# What the task asks
Would you reproduce every record exactly, leaving out the pictures?

Dataset excerpts

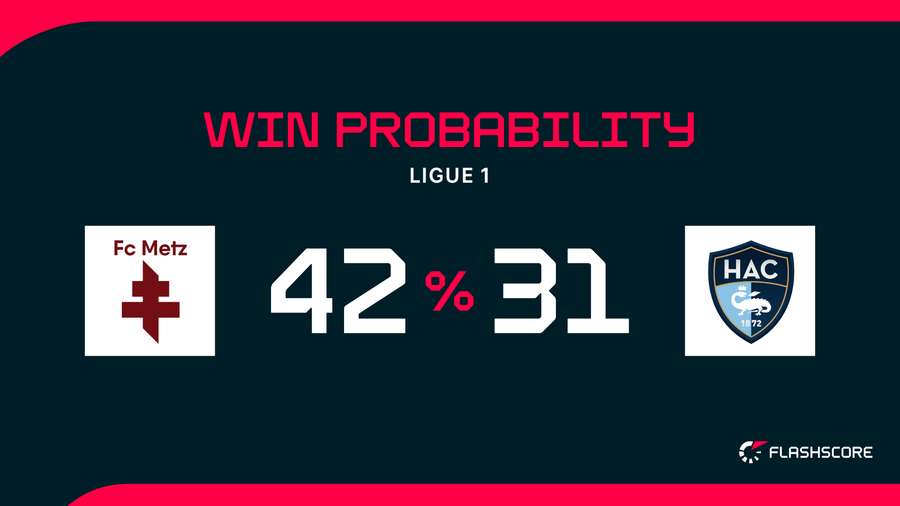 Win Probability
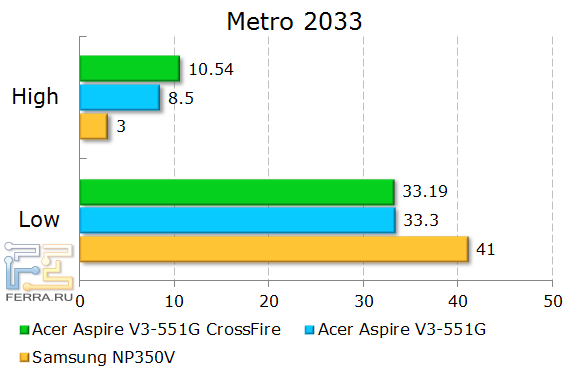 Результаты тестирования Acer Aspire V3-551G в Metro 2033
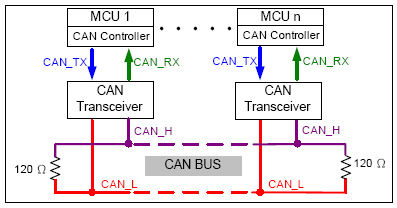 基于CAN Bus MCU的电梯控制器和监测应用设计（电子工程专辑）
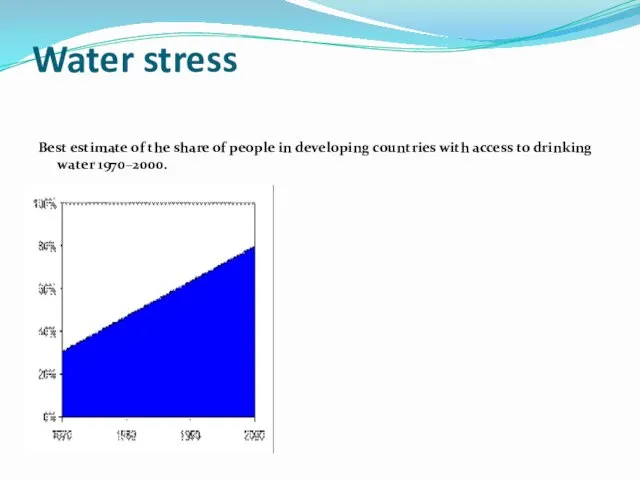 Water stress Best estimate of the share of people in developing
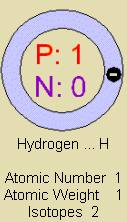 hydrogen (7K)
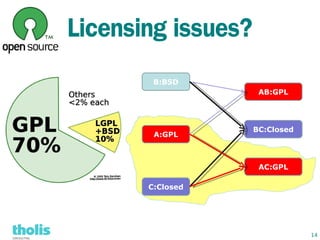 Licensing issues?
        B:BSD
                     AB:GPL




                    BC:Closed
        A:GPL



                     AC:GPL

       C:Closed




                                14
 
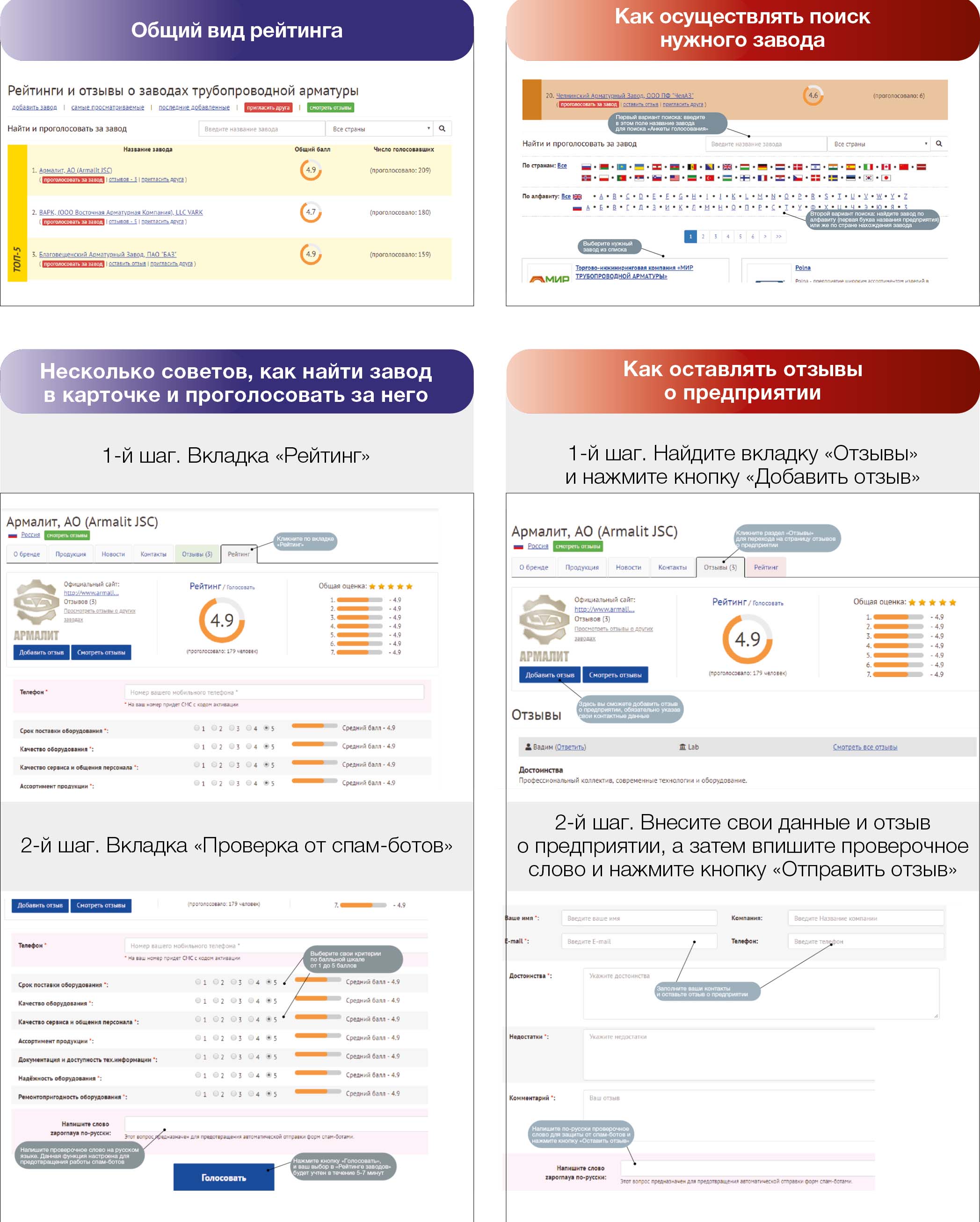 Медиагруппа ARMTORG. Рейтинги и отзывы о заводах трубопроводной арматуры №1 (94)
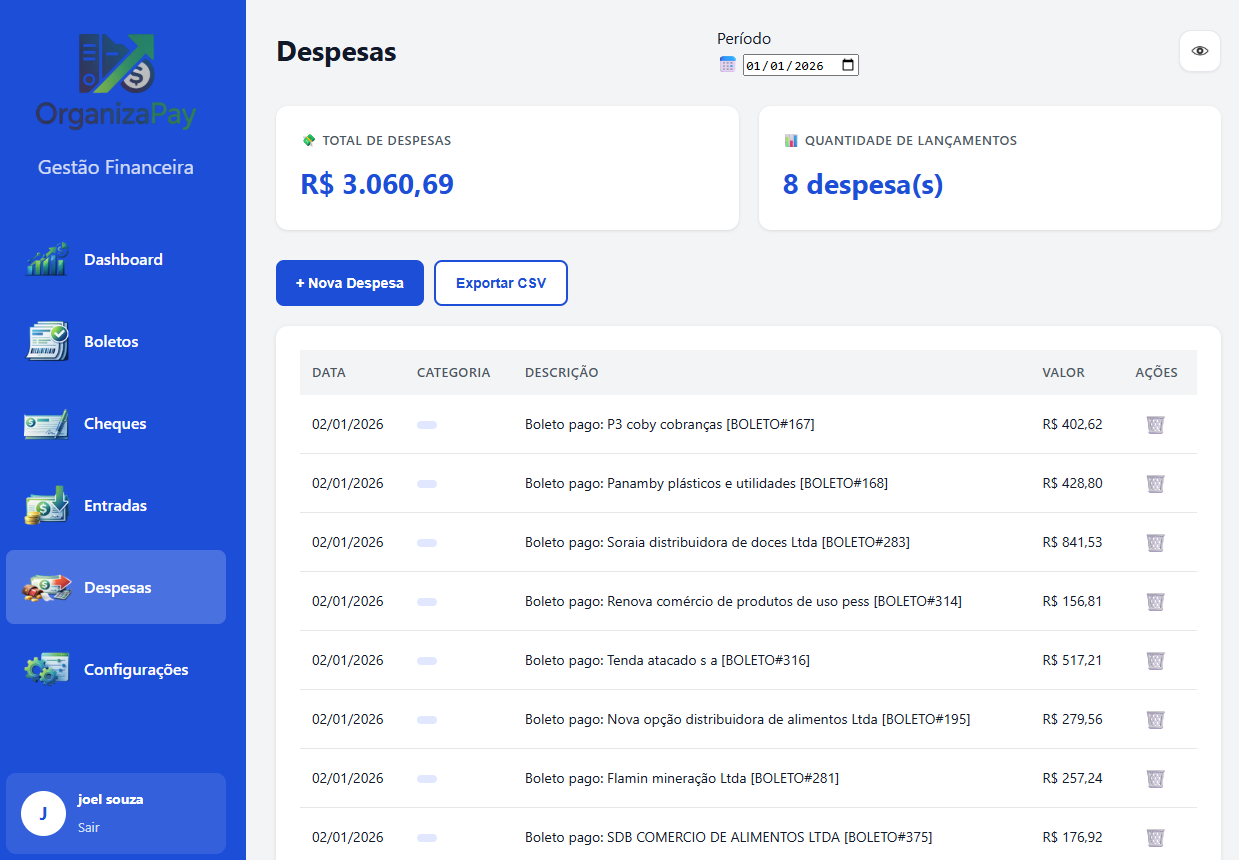 Dashboard OrganizaPay 4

# Answer for the task
 Win Probability
 Результаты тестирования Acer Aspire V3-551G в Metro 2033
 基于CAN Bus MCU的电梯控制器和监测应用设计（电子工程专辑）
 Water stress Best estimate of the share of people in developing
 hydrogen (7K)
 Licensing issues?
        B:BSD
                     AB:GPL




                    BC:Closed
        A:GPL



                     AC:GPL

       C:Closed




                                14
 
 Медиагруппа ARMTORG. Рейтинги и отзывы о заводах трубопроводной арматуры №1 (94)
 Dashboard OrganizaPay 4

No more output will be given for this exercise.